Metadata-Version: 2.4
Name: pyadf
Version: 0.5.0
Classifier: Development Status :: 3 - Alpha
Classifier: Intended Audience :: Developers
Classifier: Programming Language :: Python :: 3
Classifier: Programming Language :: Python :: 3.11
Classifier: Programming Language :: Python :: 3.12
Classifier: Programming Language :: Python :: 3.13
Classifier: Programming Language :: Rust
Classifier: Topic :: Text Processing :: Markup
Requires-Dist: pytest>=7.0 ; extra == 'dev'
Requires-Dist: mypy>=1.0 ; extra == 'dev'
Requires-Dist: pyright>=1.1 ; extra == 'dev'
Provides-Extra: dev
License-File: LICENSE
Summary: A Python library for converting Atlassian Document Format (ADF) to Markdown
Keywords: adf,markdown,atlassian,converter,confluence,jira
Author-email: Youngseok Choi <me@youngseok.com>
License-Expression: MIT
Requires-Python: >=3.11
Description-Content-Type: text/markdown; charset=UTF-8; variant=GFM
Project-URL: Homepage, https://github.com/YoungseokCh/pyadf
Project-URL: Issues, https://github.com/YoungseokCh/pyadf/issues
Project-URL: Repository, https://github.com/YoungseokCh/pyadf

# pyadf

![](https://img.shields.io/badge/Python-3776AB?style=flat&logo=python&logoColor=white) ![](https://img.shields.io/pypi/v/pyadf)
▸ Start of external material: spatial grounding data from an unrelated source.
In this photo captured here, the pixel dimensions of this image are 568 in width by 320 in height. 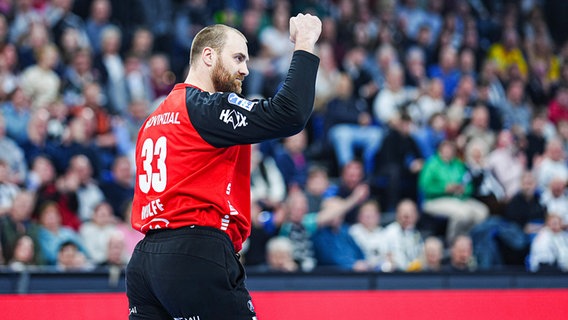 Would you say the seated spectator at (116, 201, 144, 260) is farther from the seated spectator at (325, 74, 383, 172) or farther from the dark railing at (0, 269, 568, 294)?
the seated spectator at (325, 74, 383, 172)

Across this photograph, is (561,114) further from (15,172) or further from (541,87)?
(15,172)

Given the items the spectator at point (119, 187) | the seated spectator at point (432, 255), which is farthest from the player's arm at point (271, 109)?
the spectator at point (119, 187)

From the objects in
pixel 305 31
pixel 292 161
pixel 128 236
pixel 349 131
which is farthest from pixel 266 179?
pixel 305 31

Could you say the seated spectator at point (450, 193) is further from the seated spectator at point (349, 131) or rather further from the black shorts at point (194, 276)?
the black shorts at point (194, 276)

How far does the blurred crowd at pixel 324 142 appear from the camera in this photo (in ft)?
34.3

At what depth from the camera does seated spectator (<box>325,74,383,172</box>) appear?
1296 cm

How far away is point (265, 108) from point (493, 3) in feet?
52.1

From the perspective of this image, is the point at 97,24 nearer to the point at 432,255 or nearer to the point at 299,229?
the point at 299,229

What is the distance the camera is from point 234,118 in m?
4.16

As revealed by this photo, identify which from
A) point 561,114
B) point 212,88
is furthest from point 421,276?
point 561,114

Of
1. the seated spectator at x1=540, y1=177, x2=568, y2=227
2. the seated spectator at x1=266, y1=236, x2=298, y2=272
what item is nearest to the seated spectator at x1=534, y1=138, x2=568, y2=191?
the seated spectator at x1=540, y1=177, x2=568, y2=227

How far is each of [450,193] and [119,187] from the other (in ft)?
13.7

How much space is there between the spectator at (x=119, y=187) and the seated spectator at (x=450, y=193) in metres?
3.74

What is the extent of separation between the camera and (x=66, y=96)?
12.2 m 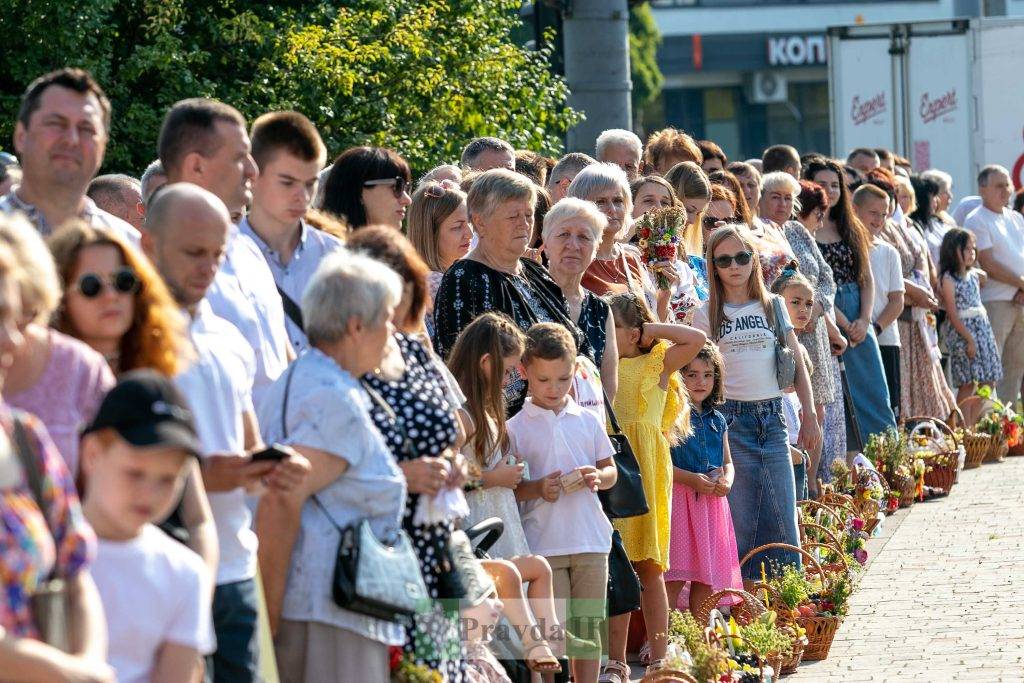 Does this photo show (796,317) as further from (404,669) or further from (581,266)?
(404,669)

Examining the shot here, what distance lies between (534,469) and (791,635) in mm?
1857

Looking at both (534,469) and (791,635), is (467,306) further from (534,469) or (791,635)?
(791,635)

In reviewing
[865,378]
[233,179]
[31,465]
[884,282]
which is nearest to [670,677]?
[233,179]

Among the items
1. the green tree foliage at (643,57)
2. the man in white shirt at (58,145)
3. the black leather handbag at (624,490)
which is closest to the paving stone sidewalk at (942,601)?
the black leather handbag at (624,490)

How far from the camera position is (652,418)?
25.3 ft

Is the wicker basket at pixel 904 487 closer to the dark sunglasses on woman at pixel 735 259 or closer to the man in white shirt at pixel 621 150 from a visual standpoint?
the man in white shirt at pixel 621 150

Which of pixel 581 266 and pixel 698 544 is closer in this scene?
pixel 581 266

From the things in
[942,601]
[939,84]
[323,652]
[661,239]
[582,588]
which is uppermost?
[939,84]

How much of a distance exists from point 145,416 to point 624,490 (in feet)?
11.9

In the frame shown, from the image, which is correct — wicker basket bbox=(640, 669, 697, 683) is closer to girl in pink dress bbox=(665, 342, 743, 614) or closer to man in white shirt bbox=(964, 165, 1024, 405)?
girl in pink dress bbox=(665, 342, 743, 614)

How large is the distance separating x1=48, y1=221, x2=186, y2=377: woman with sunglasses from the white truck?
15.8 metres

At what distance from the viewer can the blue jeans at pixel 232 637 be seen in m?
4.23

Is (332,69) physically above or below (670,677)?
above

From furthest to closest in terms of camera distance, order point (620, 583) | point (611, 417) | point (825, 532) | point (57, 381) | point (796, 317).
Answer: point (796, 317) → point (825, 532) → point (611, 417) → point (620, 583) → point (57, 381)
A high-performance Python library for converting [Atlassian Document Format (ADF)](https://developer.atlassian.com/cloud/jira/platform/apis/document/structure/) to Markdown.

## Features

- **Rust-powered** — parsing and rendering run in native code via PyO3
- **Streaming JSONL API** for ETL pipelines processing millions of documents
- **Same `Document` class API** — drop-in upgrade for most users (see changelog for breaking changes)
- **Flexible input** — accepts JSON strings, dictionaries, or any ADF node type
- **Comprehensive node support**:
  - Text formatting (bold, italic, links)
  - Headings (h1-h6)
  - Lists (bullet, ordered, task lists)
  - Tables with headers and column spans
  - Code blocks with syntax highlighting
  - Blockquotes and panels
  - Status badges, inline cards, block cards, emoji, mentions
- **Type-safe** with comprehensive type hints and Python 3.11+ support
- **Eager validation** — ADF structure errors surface at construction time, not render time
- **Robust error handling** with detailed, context-aware error messages

## Installation

```bash
pip install pyadf
```

Prebuilt wheels are available for Linux and macOS (x86_64 and aarch64) and Windows (x86_64).

## Usage

### Basic Usage

```python
from pyadf import Document

adf_data = {
    "type": "doc",
    "content": [
        {
            "type": "paragraph",
            "content": [
                {"type": "text", "text": "Hello, "},
                {"type": "text", "text": "world!", "marks": [{"type": "strong"}]}
            ]
        }
    ]
}

doc = Document(adf_data)
print(doc.to_markdown())
# Output: Hello, **world!**
```

### Converting from JSON String

```python
from pyadf import Document

adf_json = '{"type": "doc", "content": [...]}'
doc = Document(adf_json)
markdown = doc.to_markdown()
```

### Parsing Markdown to ADF

```python
from pyadf import Document, markdown_to_adf

doc = Document.from_markdown("# Hello\n\nThis is **bold**.")
adf = doc.to_adf()

adf2 = markdown_to_adf("1. First\n2. Second")
```

The Markdown importer is currently strict and targets the canonical subset that
pyadf already renders well.

Detailed ADF element and Markdown import policy lives in
[`docs/jira-adf-element-policy.md`](docs/jira-adf-element-policy.md).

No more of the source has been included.